While their idea of pricing for a so-called consumer-level camera may leave most nonprofessional photographers scratching their heads (and checking their bank accounts), the Hasselblad Stellar Special Edition Cameras ($3,175) are still something to behold. With several options available, you can choose a white, black, or orange body, with either a carbon fiber, padouk, or wenge wood grip. Inside they feature the workings of the excellent Sony X100 camera, with a 28-100mm Carl Zeiss zoom lens, a 20-megapixel sensor, a wide ISO range, full HD video capability, and 3.6x optical zoom capability.
With all the advances in DSLR technology we've seen on the market lately, camera makers run the risk of losing touch with where they came from. The Nikon Df Camera ($3,000) is deeply in touch with its roots, bringing us a camera that's aesthetically inspired by classic 35mm film cameras, but packed with professionally-focused digital tech. Wrapped in leather and chrome and covered in dials and knobs galore, this full-frame camera features a 16.2 megapixel FX-format CMOS sensor and Nikon's Expeed 3 processor. It ships with a 50mm f/1.8 lens, and is priced for professional photographers who want a slightly smaller body that doesn't sacrifice features (save, of course, its hard-to-ignore lack of video capability).

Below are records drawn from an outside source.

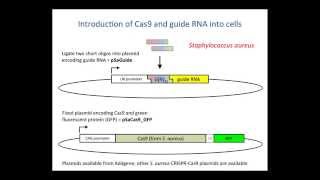 Genome editing with the CRISPRCas9 system [upl. by Hamrah]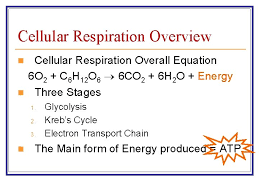 Cellular respiration and fermentation produce energy for cells to use. Cellular Respiration Equation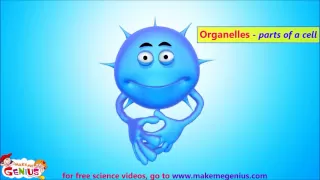 Animals Cells Structure & Functions Animation Video for Kids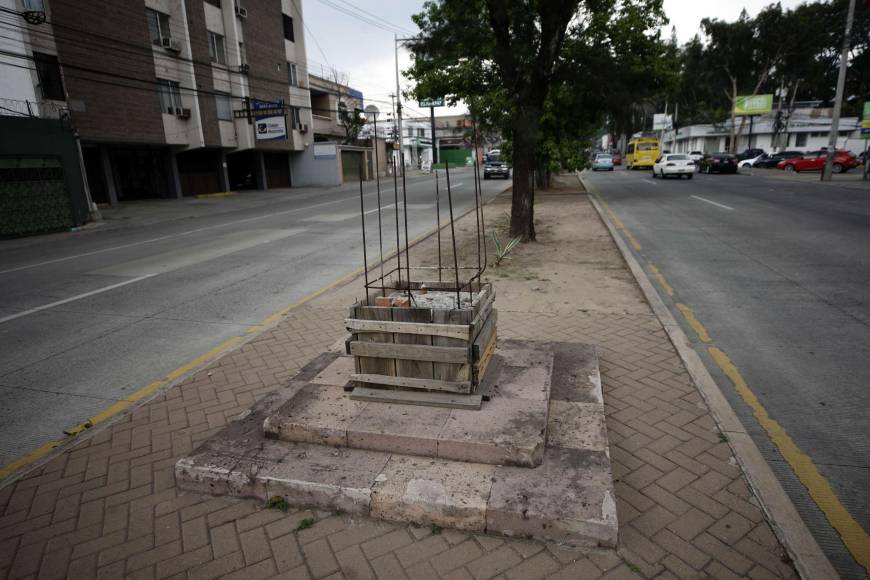 Imágenes: Entre daños y olvido así lucen los héroes del bulevar Los Próceres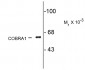 COBRA 1 Antibody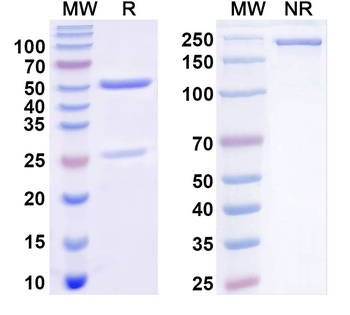 CD114/CSF3R/G-CSFR Human Monoclonal Antibody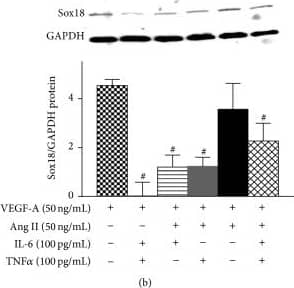 GAPDH Antibody (1D4)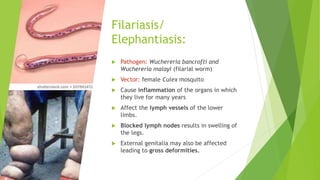 Filariasis/
Elephantiasis:
 Pathogen: Wuchereria bancrofti and
Wuchereria malayi (filarial worm)
 Vector: female Culex mosquito
 Cause inflammation of the organs in which
they live for many years
 Affect the lymph vessels of the lower
limbs.
 Blocked lymph nodes results in swelling of
the legs.
 External genitalia may also be affected
leading to gross deformities.
 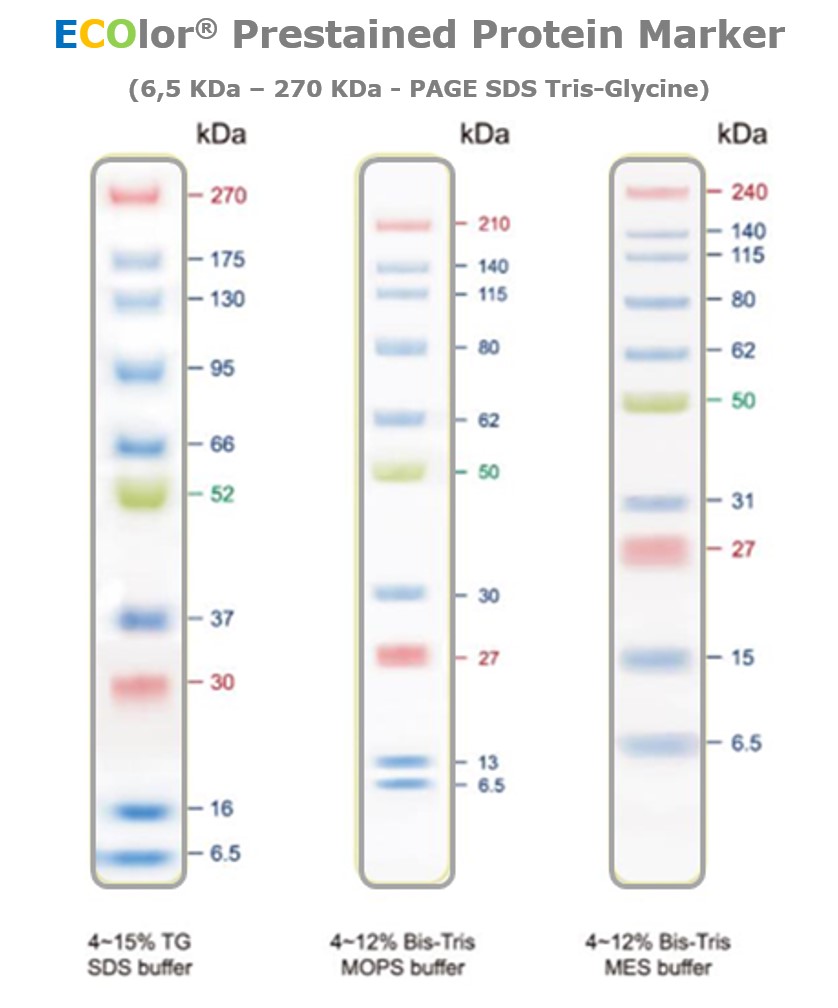 Ecolor prestained protein marker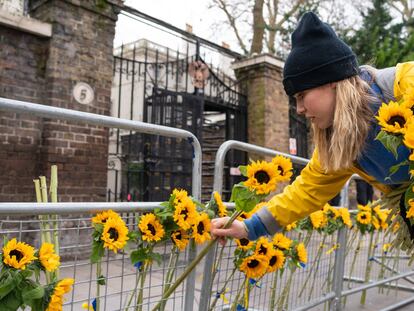 Girasoles en apoyo a Ucrania: las manifestaciones contra la guerra, en imágenes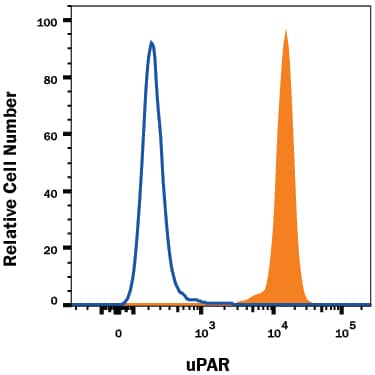 Human peripheral blood granulocytes were stained with Mouse Anti-Human uPAR Monoclonal Antibody (Catalog # MAB807, filled histogram) or isotype control antibody (Catalog # MAB002, open histogram), followed by Phycoerythrin-conjugated Anti-Mouse IgG Secondary Antibody (Catalog # F0102B). View our protocol for Staining Membrane-associated Proteins.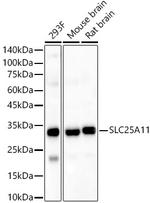 SLC25A11 Antibody in Western Blot (WB)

When you're packing to head out on a quick weekend trip, space can be tight, especially if you want to avoid checking your bags — so when you need a compact semi-professional camera that doesn't sacrifice image quality, you need the Olympus Stylus 1 Camera ($700). It features a single built-in f/2.8 10.7x 28-300 millimeter lens that retracts fully into the camera body, so you get great zoom without the bulk of a full telephoto lens. A 12 megapixel backlit CMOS sensor combined with the TruePicVI image processor gives you great images with fast response times. Additional features include an electronic viewfinder, three-inch LCD screen, WiFi connectivity, and a range of shooting modes.